The effects of AI and machine learning model training on the environment have also been brought into relief. In June 2020, researchers at the University of Massachusetts at Amherst released a report estimating that the amount of power required for training and searching a certain model involves the emissions of roughly 626,000 pounds of carbon dioxide, equivalent to nearly 5 times the lifetime emissions of the average U.S. car. OpenAI itself has conceded that models like Codex require significant amounts of compute -- on the order of hundreds of petaflops per day -- which contributes to carbon emissions.

The way forward

The coauthors of the OpenAI and Stanford paper suggest ways to address the negative consequences of large language models, such as enacting laws that require companies to acknowledge when text is generated by AI -- possibly along the lines of California's bot law.

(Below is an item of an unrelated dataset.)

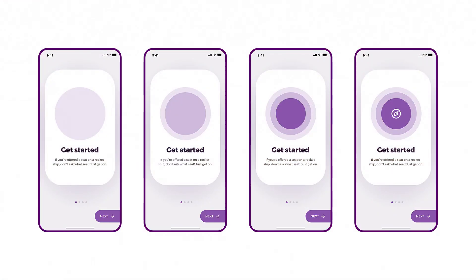Hey there, designers and creatives, hope you're all doing well. This is Chetan here from Design Pilot and I'm back again today with a very new exciting tutorial. This video is going to be a little different because I'm going to be showing you guys the various easing properties that are there in Adobe XD when you're prototyping.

Other recommendations include:

Training a separate model that acts as a filter for content generated by a language model
Deploying a suite of bias tests to run models through before allowing people to use the model
Avoiding some specific use cases

AI21 Labs hasn't committed to these principles, but Shoham stresses that the Jurassic-1 models are only the first in a line of language models that it's working on, to be followed by more sophisticated variants. The company also says that it's adopting approaches to reduce both the cost of training models and their environment impact, as well as working on a suite of natural language processing products of which Wordtune, Studio, and the Jurassic-1 models are only the first.

"We take misuse extremely seriously and have put measures in place to limit the potential harms that have plagued others," Shoham said. "We have to combine brain and brawn: enriching huge statistical models with semantic elements, while leveraging computational power and data at unprecedented scale."

AI21 Labs, which emerged from stealth in October 2019, has raised $34.5 million in venture capital to date from investors including Pitango and TPY Capital. The company has around 40 employees currently, and it plans to hire more in the months ahead.